The ISWEM is then embedded in the CODYRUN building simulation platform, which already handles conduction, convection, and long‑wave radiation. At each simulation time step, the short‑wave flux vector for all zones is multiplied by the ISWEM, producing a set of coupled radiative fluxes that are fed into the energy balance equations. Because matrix multiplication is computationally trivial, the added cost is negligible even for models with dozens of zones.

Experimental validation was performed on a three‑zone tropical residence located in Malaysia. The building features a living room, a bedroom, and a kitchen, each with large sliding doors or windows that provide direct visual and radiative connection to the adjacent space. High‑resolution sensors recorded indoor air temperature, incident short‑wave flux on interior surfaces, and outdoor meteorological data over a two‑week period that included clear‑sky, partially cloudy, and rainy conditions.

Two simulation scenarios were compared: (1) the baseline CODYRUN configuration that either neglects inter‑zone short‑wave exchange or treats it with a simple “average glazing” factor, and (2) the enhanced configuration that incorporates the ISWEM. The enhanced model achieved a mean absolute error (MAE) of 4.8 % for indoor temperature and 5.2 % for surface short‑wave flux, whereas the baseline model exhibited MAEs of 12.3 % and 13.7 % respectively. The improvement was most pronounced during the afternoon peak when solar gains through the large openings dominate the thermal response; the ISWEM correctly captured the rapid temperature rise in the zone receiving direct sunlight and the simultaneous cooling effect in the shaded adjacent zone.

Key contributions of the work are:

1. A linear matrix formulation that reduces the complex radiative network to a set of coefficients that can be easily calibrated or updated for different glazing types, opening sizes, and climatic contexts.
2. A practical method for estimating effective view factors for large, non‑planar openings in tropical architecture, based on field‑derived correction factors.
3. Integration with an open‑source simulation engine (CODYRUN), ensuring that the methodology is reproducible, extensible, and accessible to practitioners and researchers.

The authors acknowledge several limitations. The uniform‑temperature assumption may break down in zones with strong internal heat sources (e.g., cooking appliances) or strong stratification, potentially leading to under‑prediction of local hot spots. The current implementation treats only short‑wave (solar) radiation; long‑wave radiative exchange between zones is still handled by the existing CODYRUN module and is not coupled through the ISWEM. Finally, dynamic shading devices such as blinds or operable louvers were not modeled, although the matrix framework could accommodate time‑varying a ij values.

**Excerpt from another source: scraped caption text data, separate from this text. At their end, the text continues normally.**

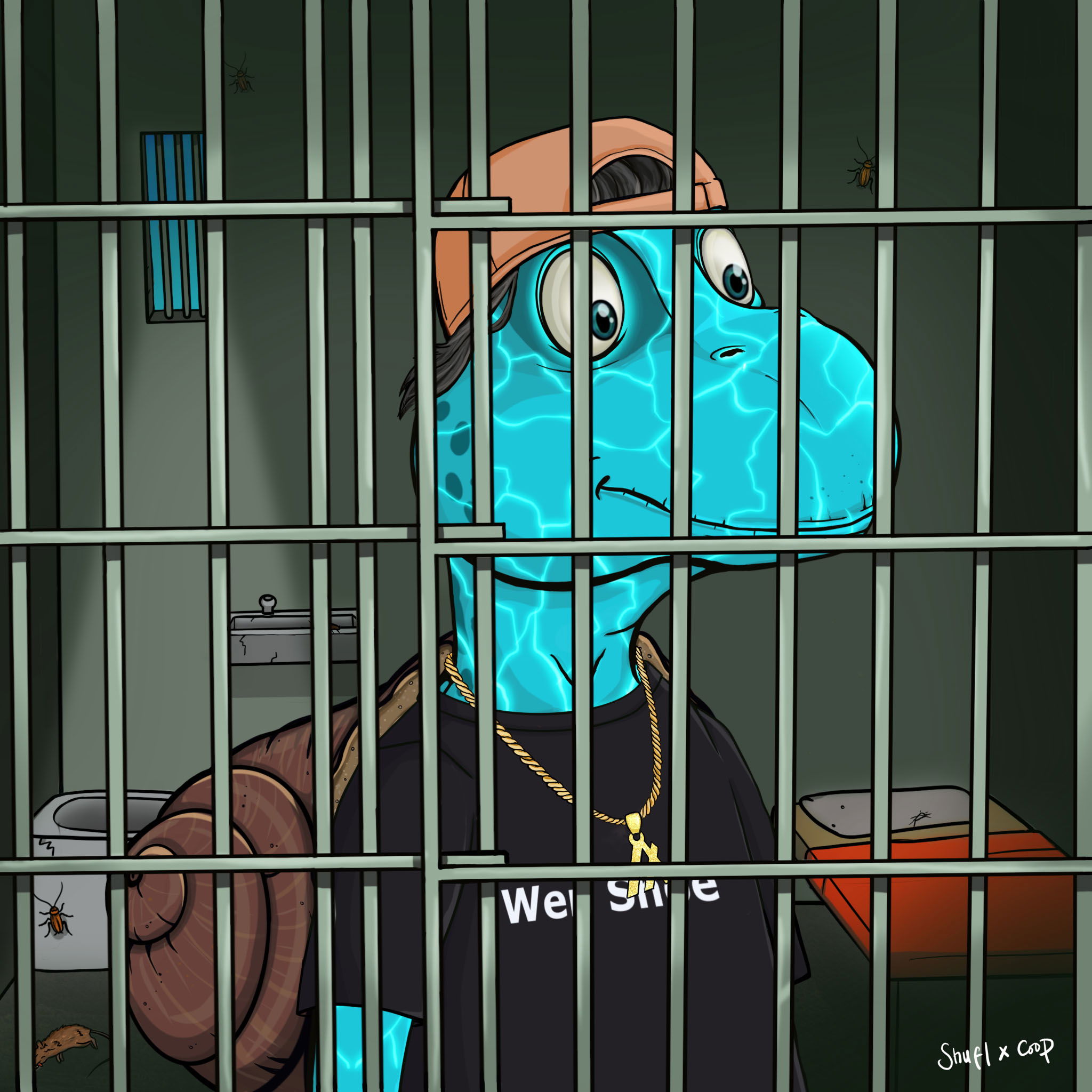 Coopa Troopa #1940 NFT on Algorand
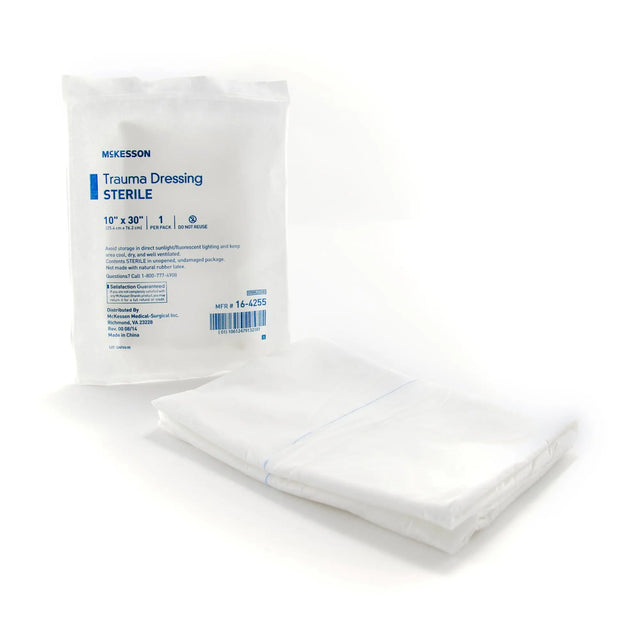 McKesson Sterile Trauma Dressing, 10 x 30 Inch McKesson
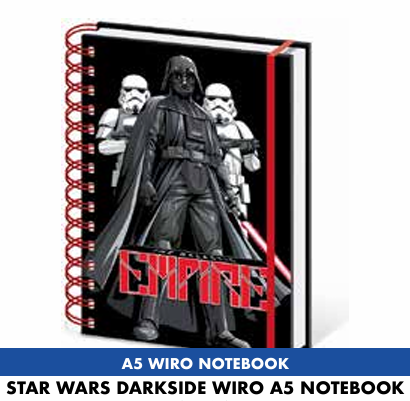 STAR WARS - Darkside - Notatnik A5 Wiro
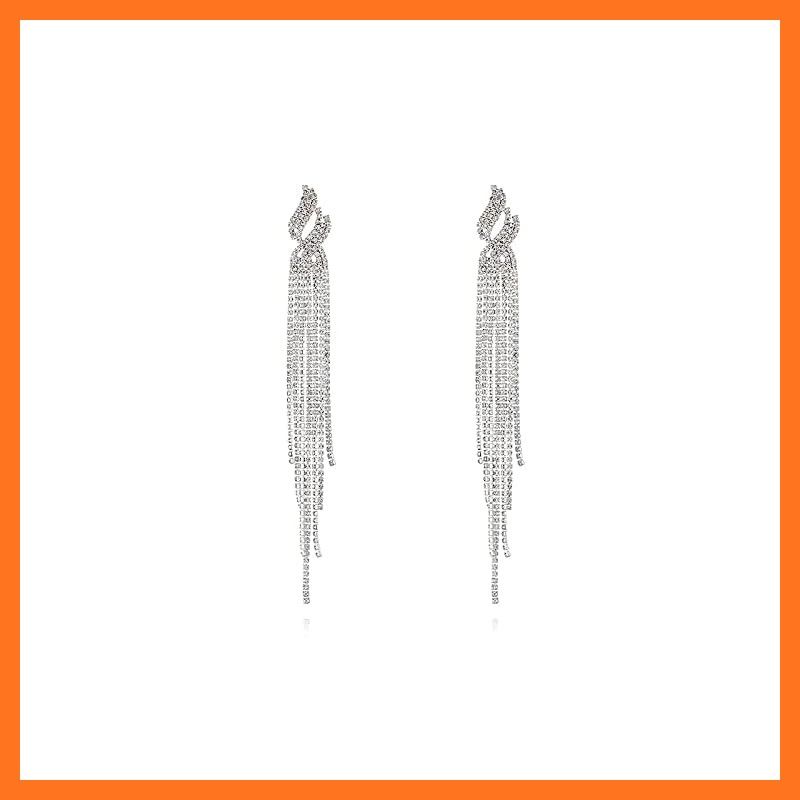 新品】 【VanFROSTED 】ロングピアス ピアス コンテストビキニ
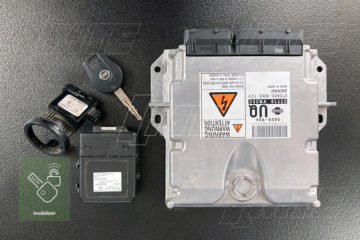Immo set Nissan NP300 Pickup Denso 23710-VN25C 275800-9065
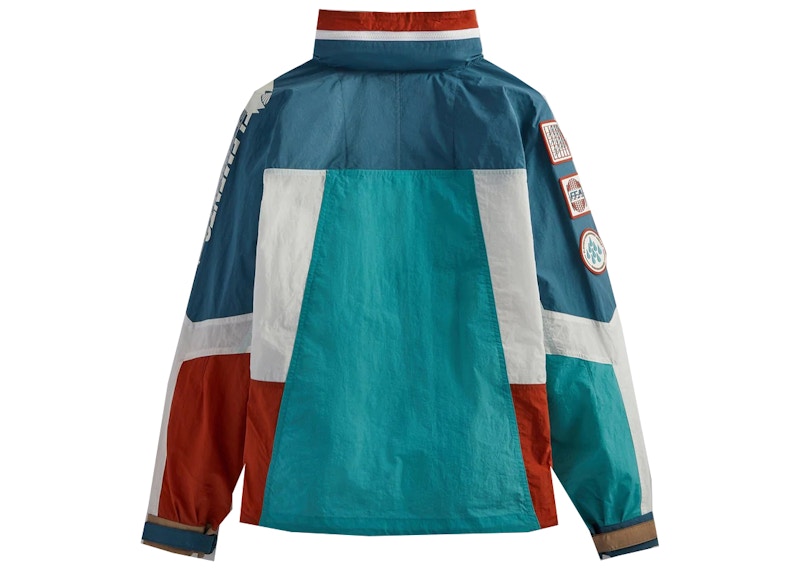 Kith Columbia Chuting II Jacket Teal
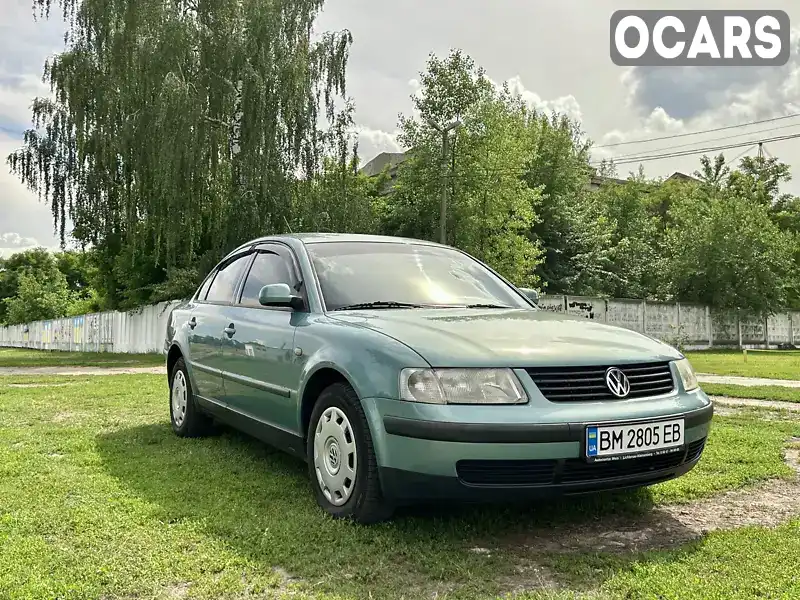 Седан Volkswagen Passat 1998 1.6 л. Ручна / Механіка обл. Сумська, Конотоп - Фото 1/21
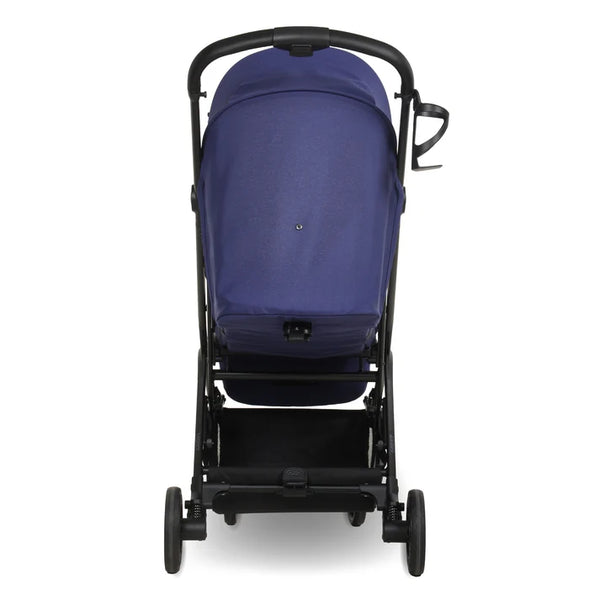 My Babiie MBx7 Plus Auto Fold Stroller - Indigo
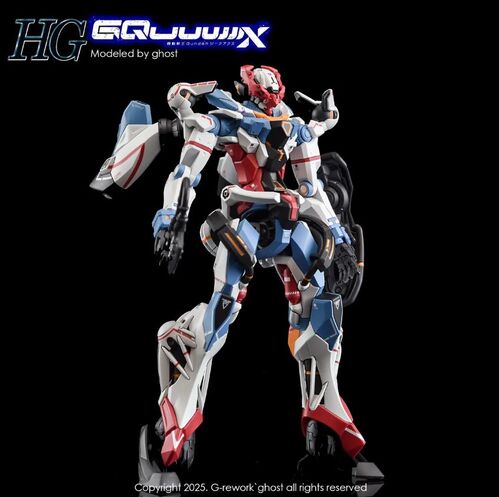 G REWORK - HG - GQ01 GQUUUUUX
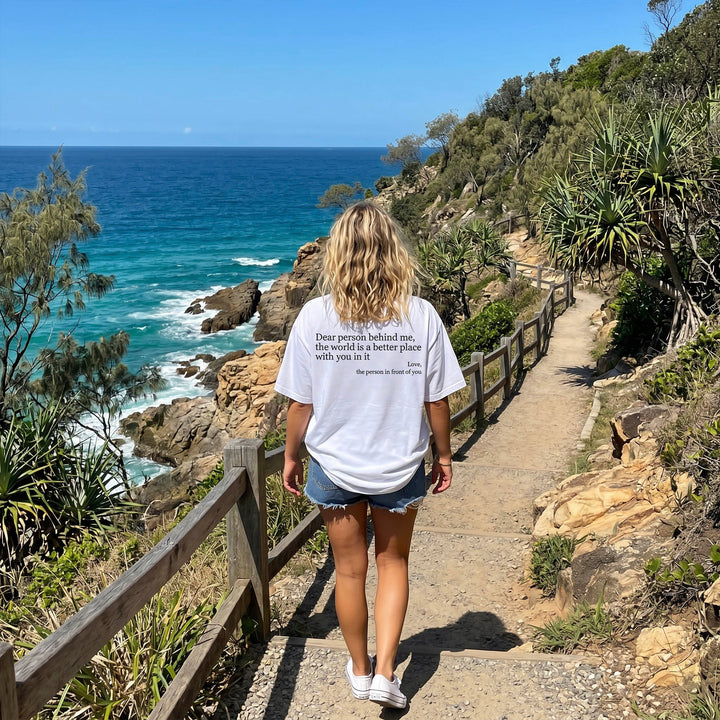 Inspirational unisex 'You Are Enough' tee, a comfort wear t-shirt for daily reminders.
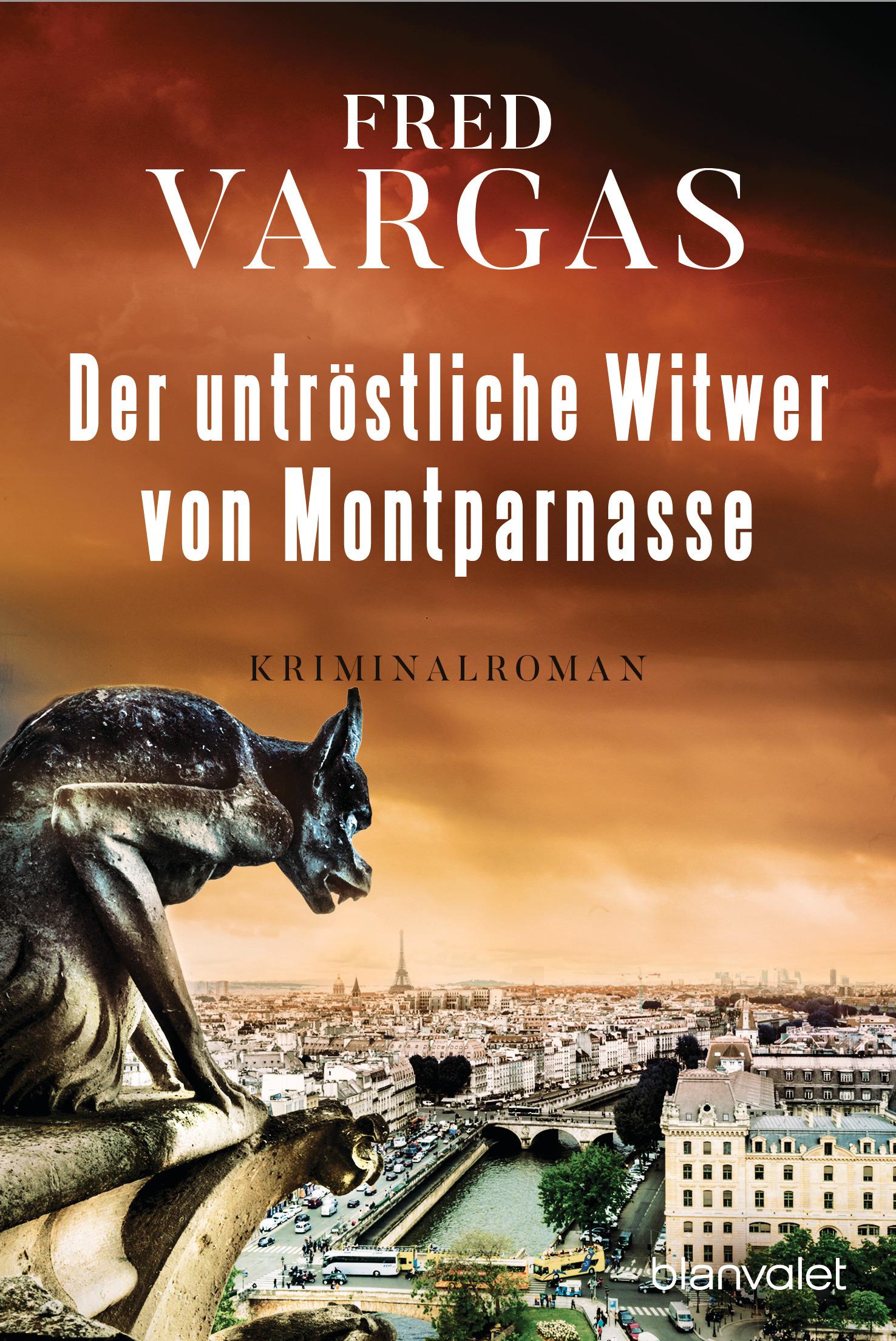 Vorderes Coverbild Der untröstliche Witwer von Montparnasse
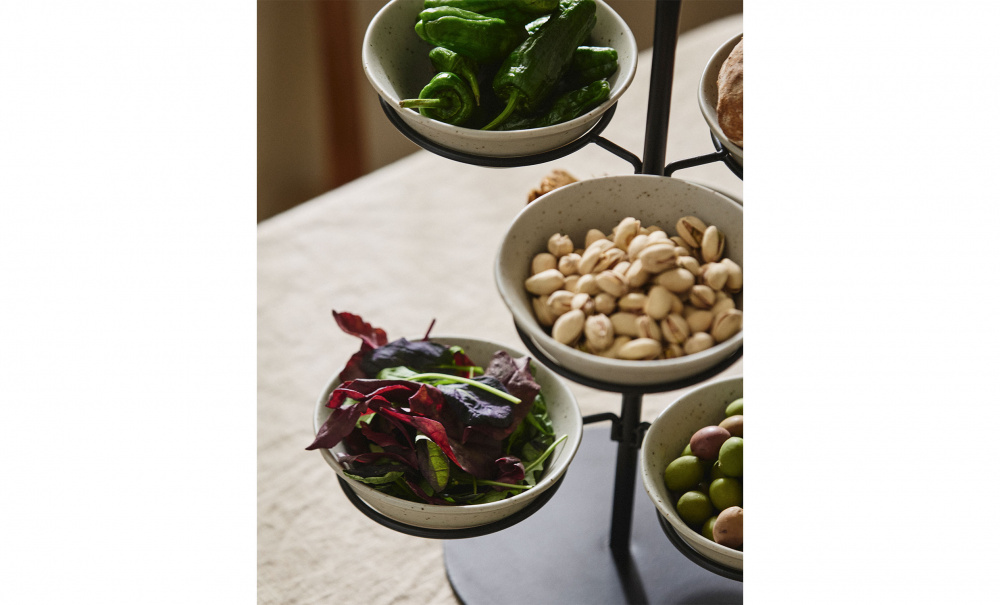 Bild nr 3 (PRIMULA Serveringsstll 6 Svart)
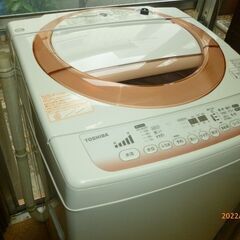 「取引中です」　洗濯機　８ｋｇ　東芝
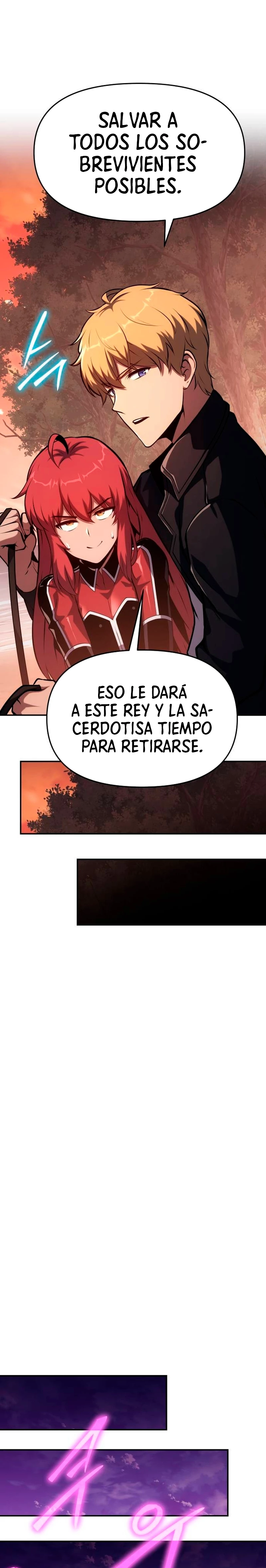 Read El Rey Caballero que regreso con un Dios ES Manga Online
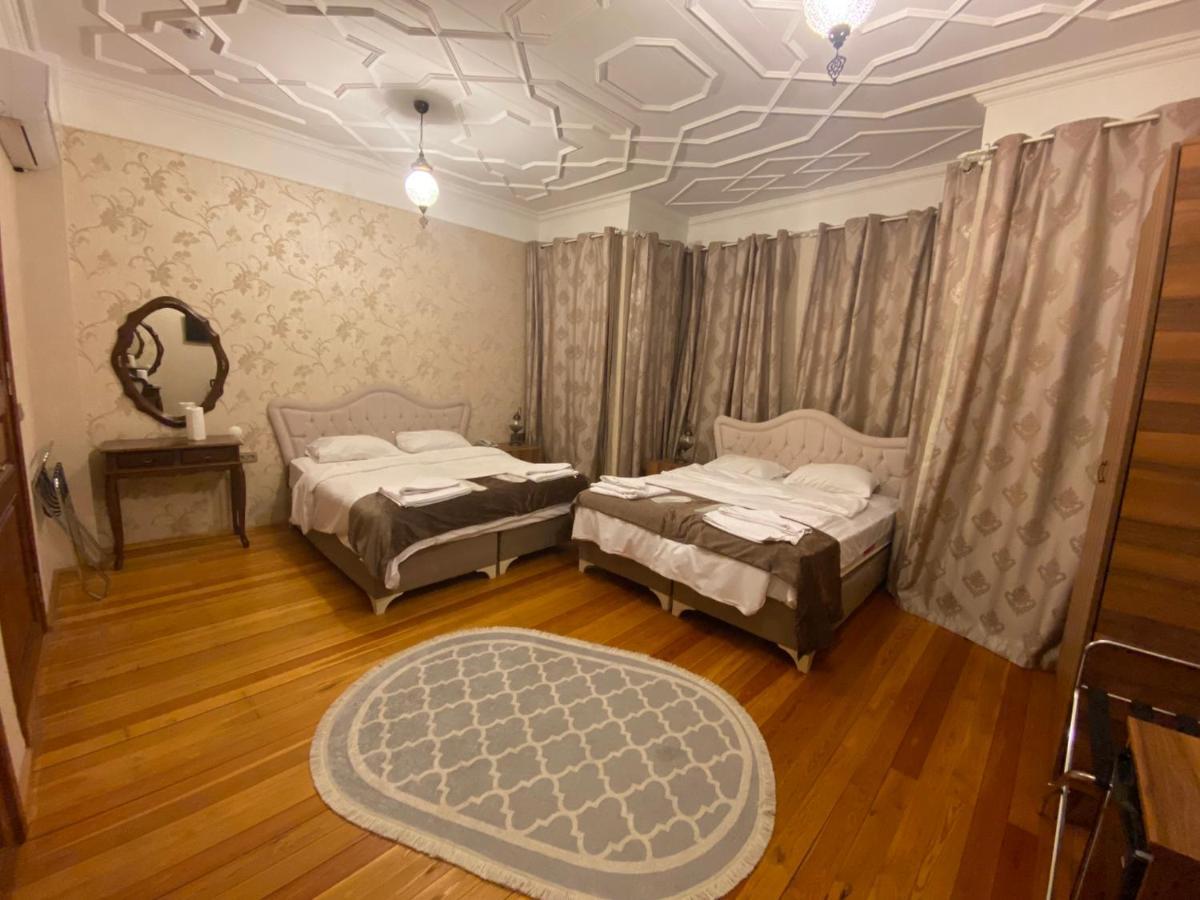 Nuray Hotel Istanbul Exterior foto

Future research directions include extending the matrix to a multi‑node representation within each zone to capture temperature gradients, coupling short‑ and long‑wave radiation in a unified exchange matrix, and incorporating real‑time control of shading devices to evaluate active daylighting strategies.

In summary, the paper presents a concise, physically grounded, and computationally efficient approach to model inter‑zone short‑wave radiative couplings through windows and large openings. Validation against measured data from a real tropical building demonstrates that the method markedly improves prediction accuracy while preserving the speed required for whole‑building, multi‑zone simulations. This makes the approach highly relevant for designers, energy modelers, and researchers seeking to assess daylighting, solar gain, and overall thermal performance in buildings with extensive glazing.